Turning Data into Valuable Data Products
In June, WIRED published an infographic that showed the top feeder schools for big technology companies. It used information available on LinkedIn to see where recruits to companies like Apple and Twitter went to college. It meant that the merits and benefits of a college (and presumably all colleges) could be measured.
While the results were interesting, the part that intrigued me was this novel use of existing “data products” to answer interesting new questions. LinkedIn is essentially free to most individual users, but the data generated through the normal use of the network is an incredibly rich source of insight – so rich that it generated nearly $450 million in revenue in 2013. Advertisers, search firms, and premium users are pleased to pay for LinkedIn’s valuable data products.
For example, if I choose to get a premium account, I can find out exactly who has seen my profile. If I’m a professional headhunter, I can pay to get even more specific information, such as all the robotics engineers who graduated from Northwestern University in 2004. And if I’m an editor at WIRED or a university administrator, I can look for connections between specific schools or degrees and actual careers, to the point of calculating the potential ROI for any given degree.
The evolution from data to data product is important for any company that wants to create more value from its information assets. Of course, there are a number of factors to consider: Who owns the data? What about privacy? How can – or should – I use the data? In part these questions are open for society to answers.
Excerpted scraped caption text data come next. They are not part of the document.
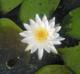 Nymphaea odorata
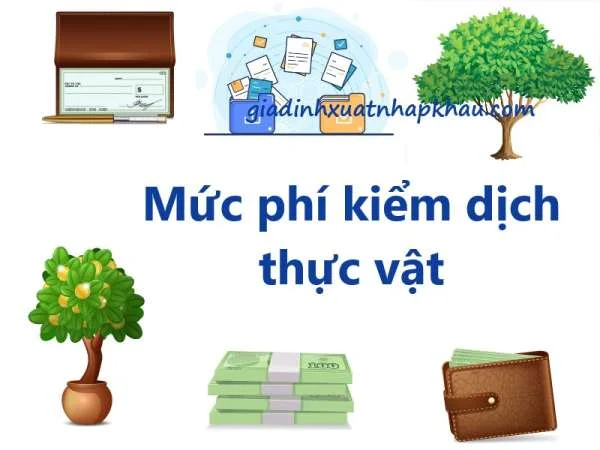 Mức phí kiểm dịch thực vật trong lĩnh vực nông nghiệp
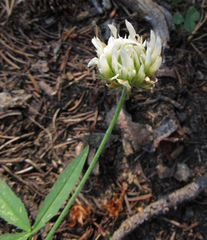 Trifolium longipes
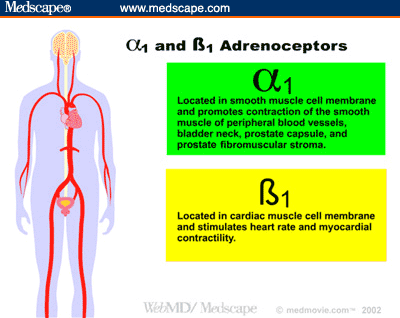 Adrenergic Receptors Chart
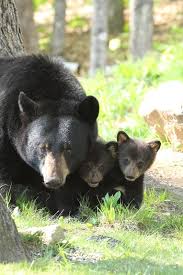 Duane Cross Pics Photography Inspired By New Hampshire Nature Moose Pictures Animals Wild Animals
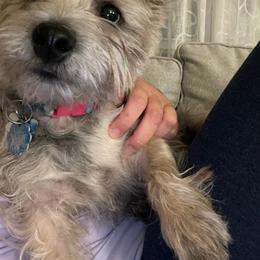 Cairn Terrier Puppies from Ferguson's Cairn Terriers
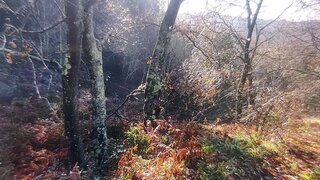 Terreno de 7300 m² em Viana do Castelo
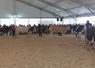Défilé des races bovines et interpellation de la FDSEA sur le Mercosur lors de la visite officielle des 4 jours du Mans.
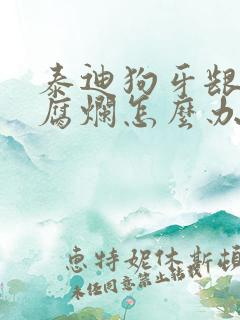 泰迪狗牙龈发炎腐烂怎么办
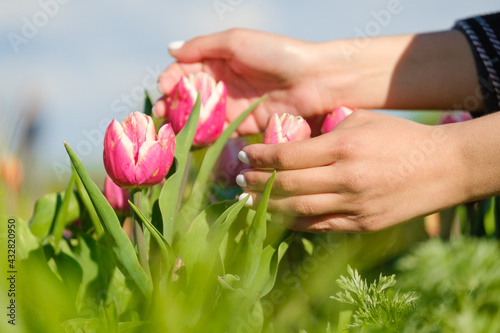the hands of a girl caring for red tulips in the park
How we make decisions, as individuals and firms is changing. Novel data products are becoming more accessible in guiding out decisions from where to eat (Yelp) to where to stay (Tripadvisor) and even where to go to college (LinkedIn). I do think it’s interesting to look at how today’s big data technology is enabling the creation and monetization of new data products. The value of these data products is also becoming more recognizable. Just as Angie’s List charges, we can expect users to pay up for valuable data products. Companies are finding ways to get people to pay who wouldn’t normally be expected to pay, or to form new markets that wouldn’t be expected to form. It’s changing how business is conducted and who we do business with, and I find that immensely thought provoking.